Let’s say you’re building a Sphinx index of your email archive. You’d probably define an index with several text fields, just like you’d have columns in database: subject, body, to, from, and cc. Then you’d define a number of attributes as well–items you wish to use in filtering and/or sorting but that you don’t need to perform text searches on: date, size, attachment_count, etc. Then you’d feed all the documents (messages) to the Sphinx indexer, which takes care of breaking them into tokens and attributes, building the indexes, and any stemming, filtering, or transformation you need done.
By default, you might build a simple Google-like interface to your email archive. Type in a term or two like “finance spreadsheet”, hit the search button, and get back a list of highly relevant results. To do that behind the scenes, you’d issue an ANY query across all the fields (subject, body, to, from, and cc). Sphinx would find all of documents (messages) that match any of those terms in any of those fields, weight and sort them, and return the list of document ids (probably message ids in this example).
You have the flexibility to ask Sphinx to do the matching, weighting, sorting, and grouping in a number of different ways. The defaults are often quite sufficient for many applications
Next week I’ll walk through a simple Sphinx setup and demonstrate some features of the client API as well.
If you’re looking for a high-performance, stable, and very functional alternative to MySQL’s full-text search, give Sphinx a look. Odds are that it can do virtually everything you need and use fewer resources in the process.

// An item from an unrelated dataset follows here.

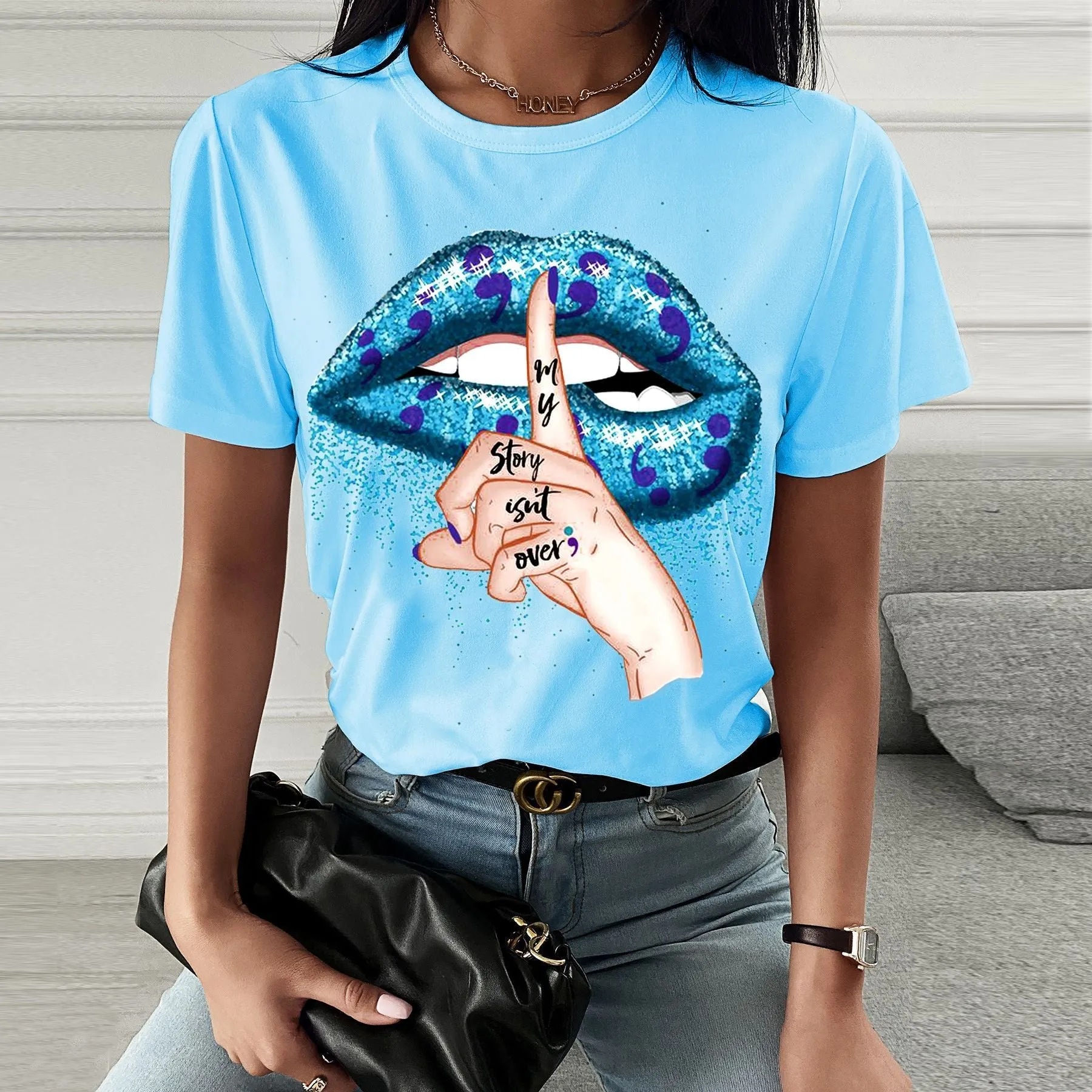 Fashion  spring and summer hush quiet printing short-sleeved T-shirt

Sphinx isn’t the only game in town. Apache Solr packages up the venerable Lucene search system into a very usable and highly configurable package that can run under a variety of application servers. Solr is also quite fast and is expendable via custom Java code. It has much better out of the box support for what’s known as “faceted search”–the sort of drill down into category and features you see at popular shopping web sites like NewEgg.The only downsides I saw were a steeper learning curve (mainly complexity and configuration) and the need for a bit more infrastructure if you’re not already a Java shop. Solr is definitely worth looking at.